StoneArch

StoneArch’s 30th anniversary in business finds it with more mojo than ever before. The Minneapolis agency cracked $10 million in revenue for the first time in 2013 with 15% growth; brought on 16 new clients; and broadened its reach across the full spectrum of healthcare, adding health IT, disease prevention, and public health to its portfolio of medical-device and hospital clients. In March of this year, StoneArch’s Redeye Rebrand pro-bono initiative, offering a free marketing makeover to a local nonprofit, was featured in the New York Times; the following month, agency President Jessica Boden was named by the Minneapolis/St. Paul Business Journal as a “50 Women in Business” honoree. Boden’s agency may be closer to Moose Jaw than it is to Manhattan, but you wouldn’t know it from the way she talks about the future of her business.

“Healthcare is truly on the cusp of harnessing the full power of modern marketing,” she says. “Clients’ campaigns have the potential to be much more data-driven and targeted. We are helping our clients navigate, select and implement newer channels.
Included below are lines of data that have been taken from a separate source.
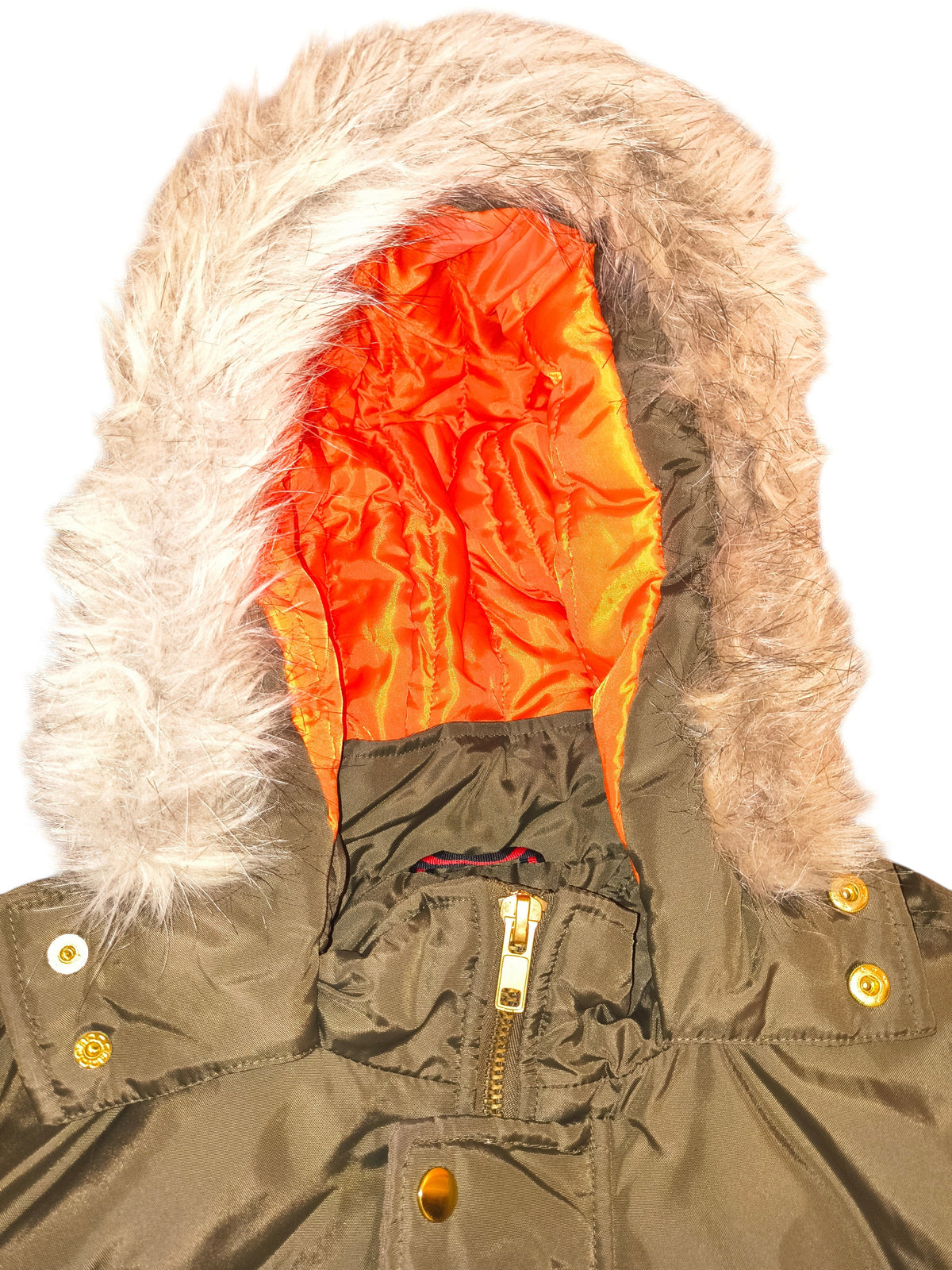 Awsum Thrift green coat featuring a hood with faux fur trim and a vibrant orange quilted lining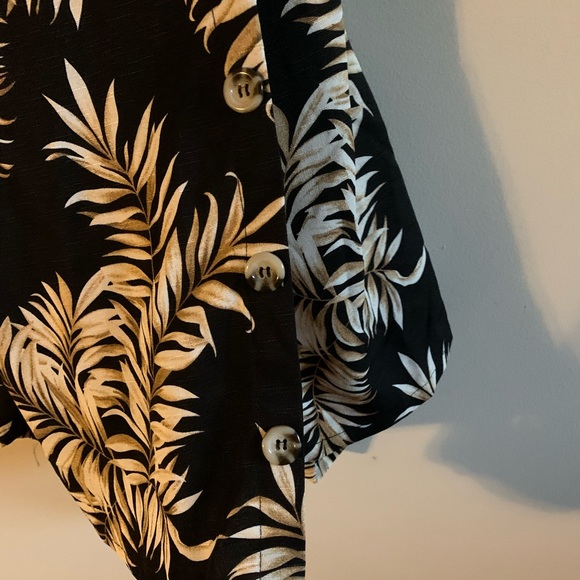 Revamped medium romper/dress with black, white, tan leaf design. Cutout back - Picture 6 of 10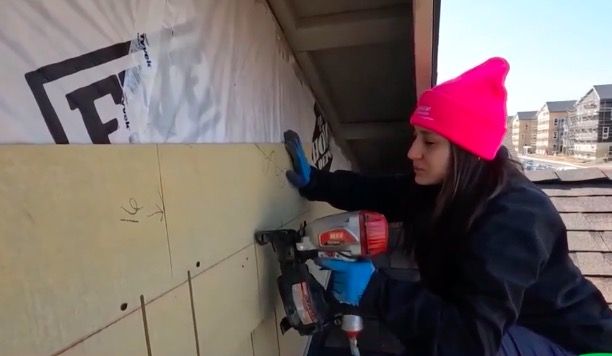 <i>KCRA</i><br/>Women painted and learned to use nail guns to build their new homes on Le Donne Drive in south Sacramento on Saturday.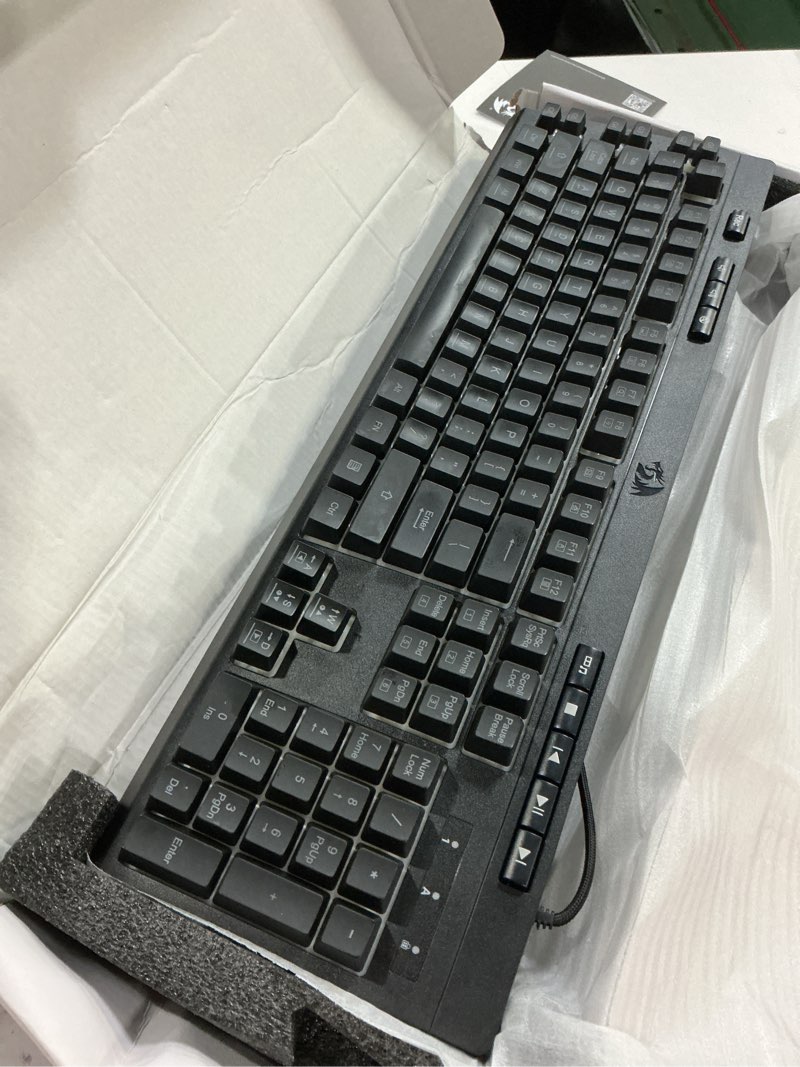 Condition photo showing Good Condition for Redragon K512 Shiva RGB Backlit Membrane Gaming Keyboard with Multimedia Keys, Linear Mechanical-Feel Switch, 6 Extra On-Board Macro Keys, Dedicated Media Control, Detachable Wrist Rest Black 104 Keys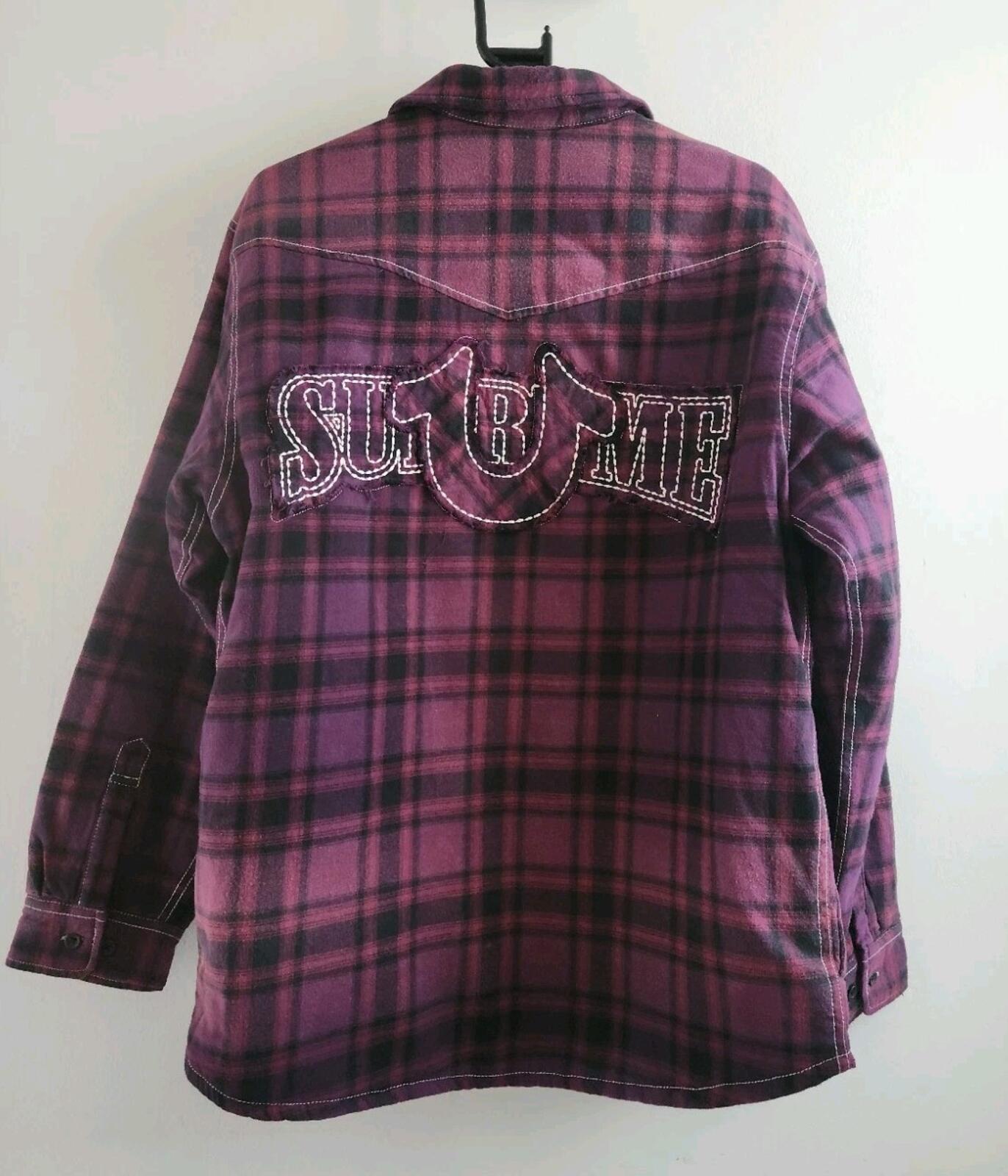FW25 Supreme x True Religion Quilted Lined Plaid Flannel Shirt Purple Size M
From physician-and patient-centric CRM platforms to marketing automation, content marketing and real-time analytics, now more than ever our healthcare clients are approaching their marketing with a truly digital point of view.”

Boden is finding that clients are placing less focus on building awareness and more on engaging with customers in a highly targeted way. “We are also seeing an even greater need to focus on reaching buyer groups rather than individual healthcare organizations,” she says. “Additionally, targeting the economic buyer has never been more critical. To that extent, we are seeing a shift in clinical endpoints that focus on time and cost efficiencies, not just safety and efficacy endpoints.”

With two straight years of unprecedented success in her back pocket—StoneArch also grew by 30% in 2012—the pressure is on Boden and her team to find new avenues for the agency to explore. One top priority is to gain more traction in the hospital and provider space by helping such companies maximize their marketing efforts to both physicians and healthcare consumers. Another is to focus on the basic principles that have worked in the past – driving business growth for clients through a creative and strategic product.

“For our clients, many of their products and services are becoming more commoditized, making it even harder to find valuable differentiation,” Boden says. “Additionally, the person making the buying decision does not always truly understand the clinical value of emerging and changing technologies and the value to their organization and patients. In many cases, the challenge is in helping our clients understand that how they sell and what kind of user experience they can deliver are often just as important as what they sell.”

To pull off that sort of user experience, the agency has been flexing its e-chops of late, developing digital publishing apps, a patient therapy tracking app, and sales-centered e-learning materials for clients. And not just for clients, either; in the “Physician, heal thyself” category, the agency’s internal health initiative, STRETCH, can be found all over its Twitter and Vine accounts. As much as anything, STRETCH may reflect what Boden calls the most important achievement of 2013 for her agency. “We’ve realized that our passion for health had grown beyond professional expertise—health has become personal to us,” she says. “We are now truly living our brand.”